◆ TASK ITEM
Produce a word-for-word copy of the data that follows, excluding images.

(Beginning of DATA PROVIDED)

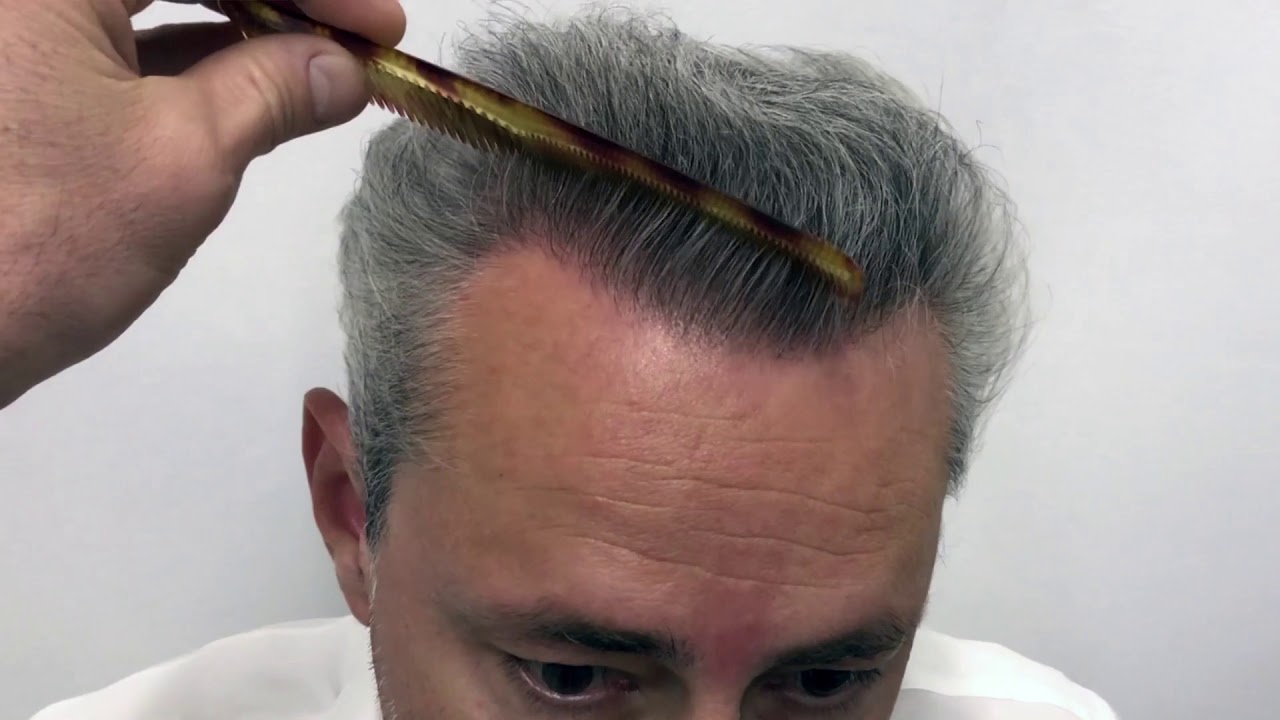 Watch Implante capilar a los 50 años en Capilea Now Implante capilar a los 50 años en Capilea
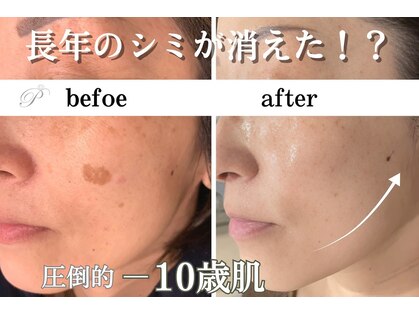 パールホワイトニングサロン 大和店の写真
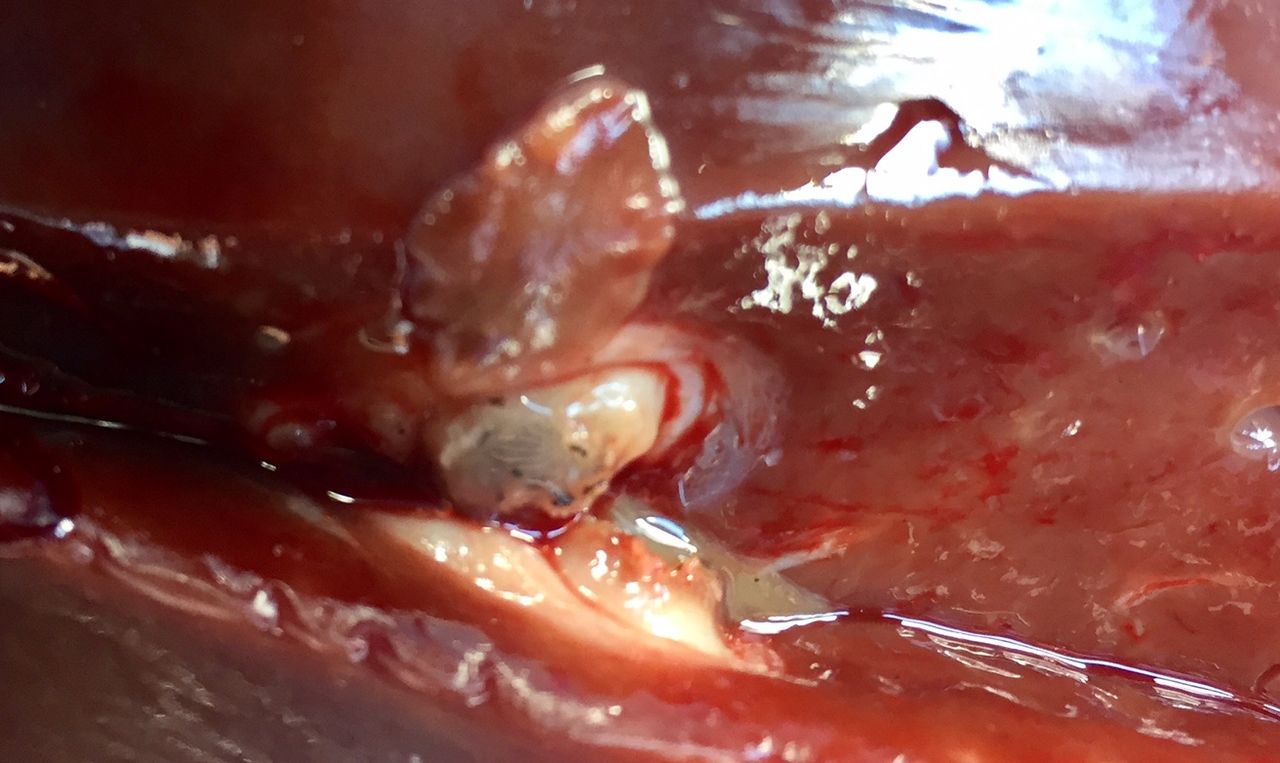 Revealed: Which county has the worst liver fluke record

(End of DATA PROVIDED)

◆ RESULT OF THIS TASK
 Watch Implante capilar a los 50 años en Capilea Now Implante capilar a los 50 años en Capilea
 パールホワイトニングサロン 大和店の写真
 Revealed: Which county has the worst liver fluke record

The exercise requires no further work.